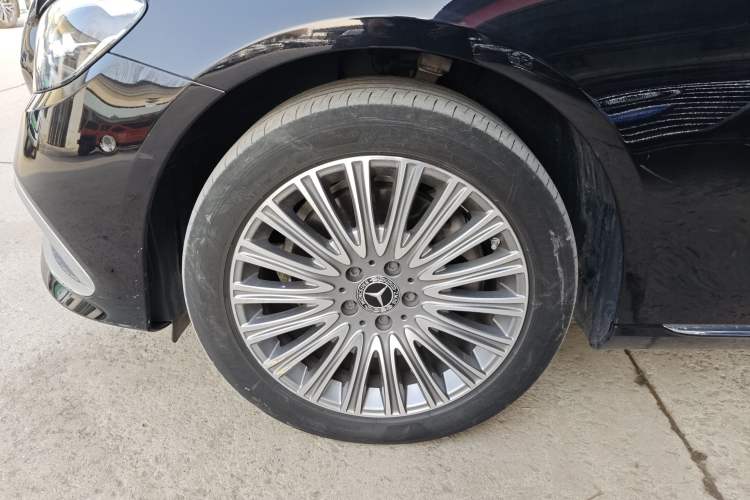 Used Mercedes-Benz E-Class 2022 Second Facelift E 300 L Fashion Edition Exterior 4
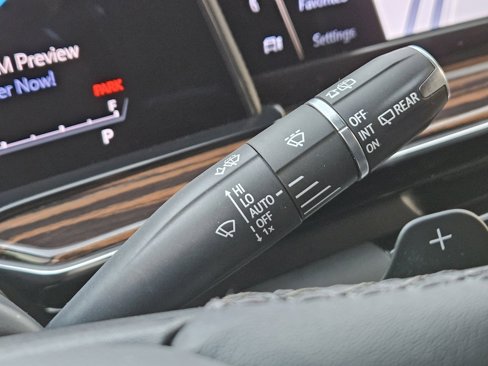 Certified 2024 Cadillac Escalade Premium Luxury image 31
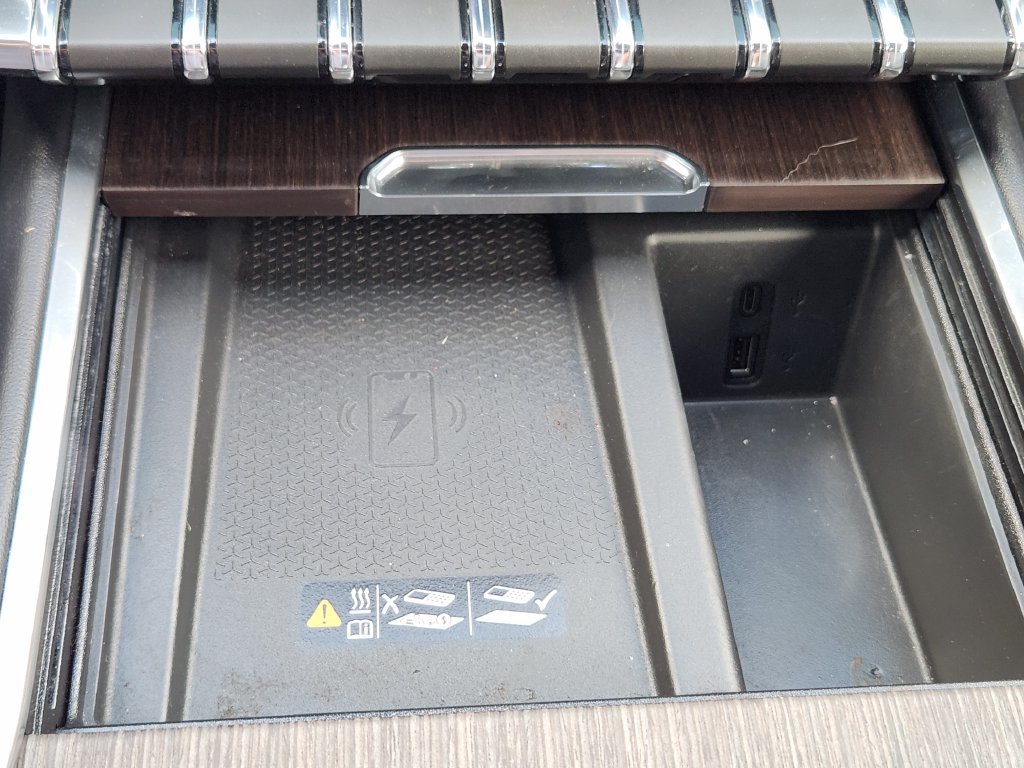Used 2025 GMC Acadia Denali AWD/4WD image 20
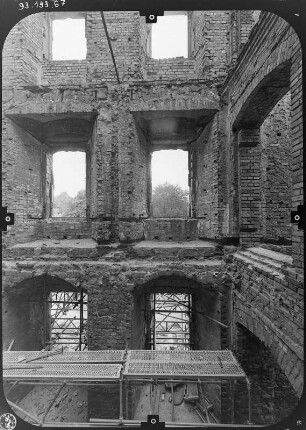 Bad Muskau. Ruine des Neuen Schloßes. Innenansicht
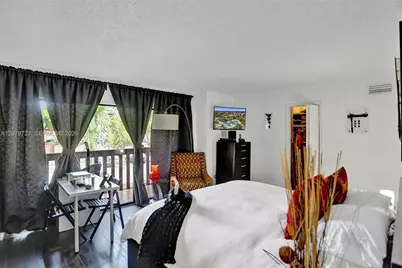 7064 SW 114th Pl #G, Miami, FL 33173 - Photo 19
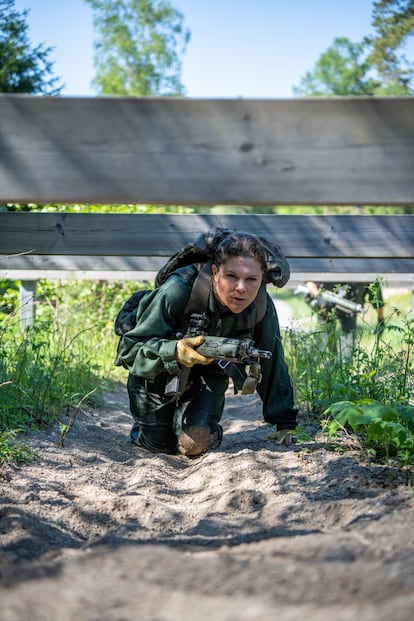 Estas experiencias le permiten desempeñar su papel de futura soberana con una base de conocimiento más amplia sobre las operaciones de defensa y el rol del ejército en Suecia.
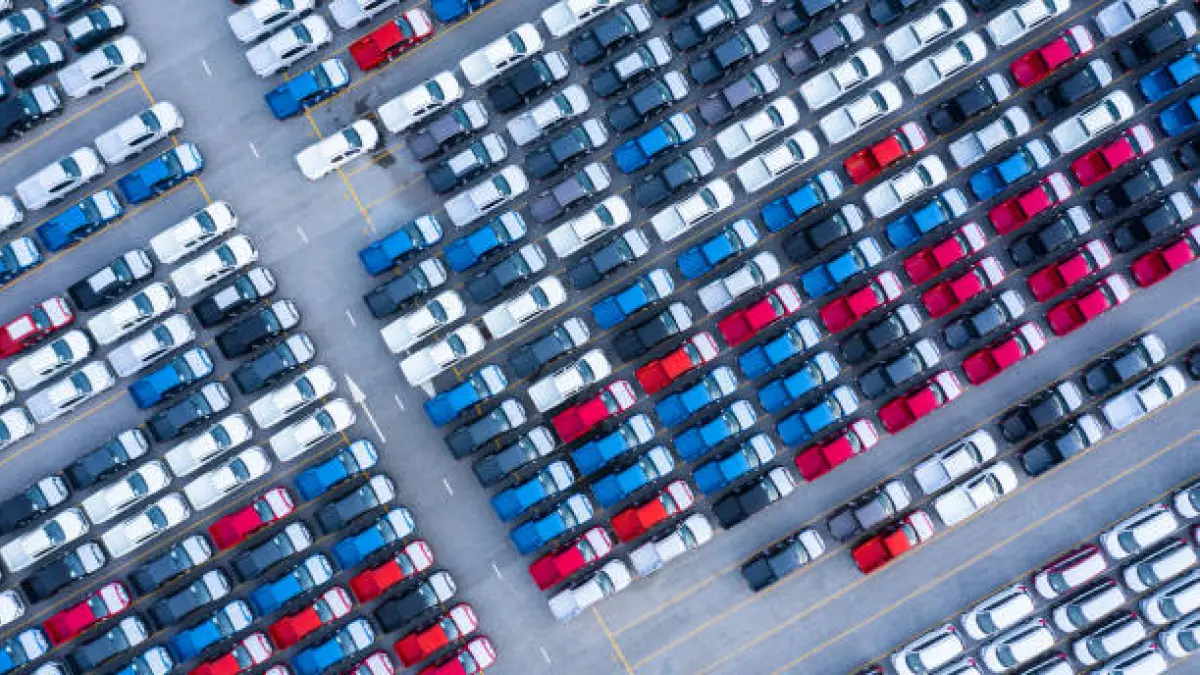 ¿Quién es quién en el sector automotriz?

 – Tinta clara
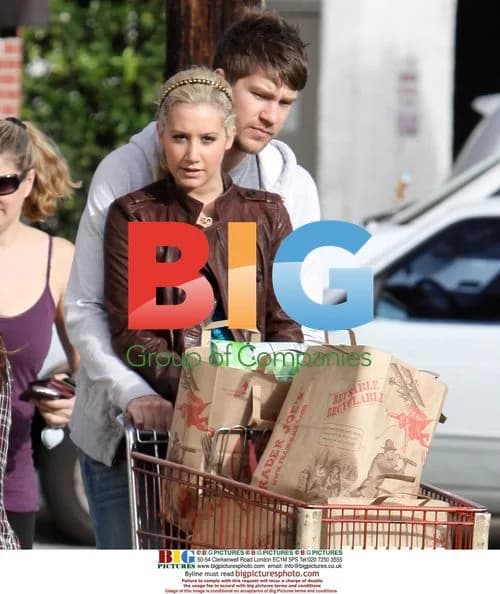 Ashley Tisdale and Boyfriend Scott Speer Shopping
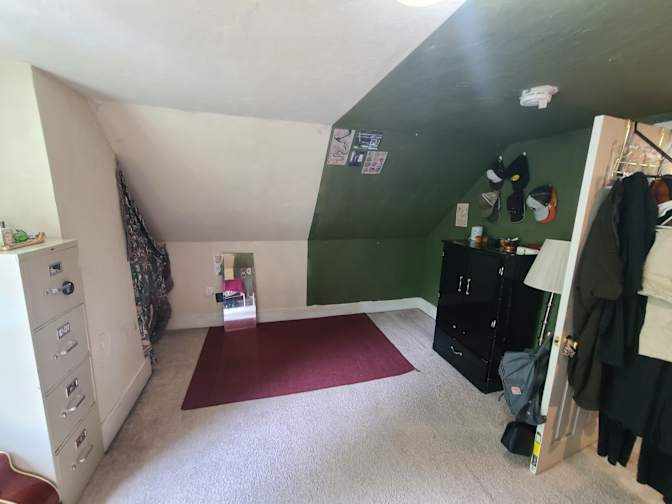 Jhenniffer's room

::::

* **Instructions for the task**
Please reproduce the lines above from the one containing "Ashley Tisdale and" through the final line, exactly and inclusively, leaving out each picture.

* **Written answer**
 Ashley Tisdale and Boyfriend Scott Speer Shopping
 Jhenniffer's room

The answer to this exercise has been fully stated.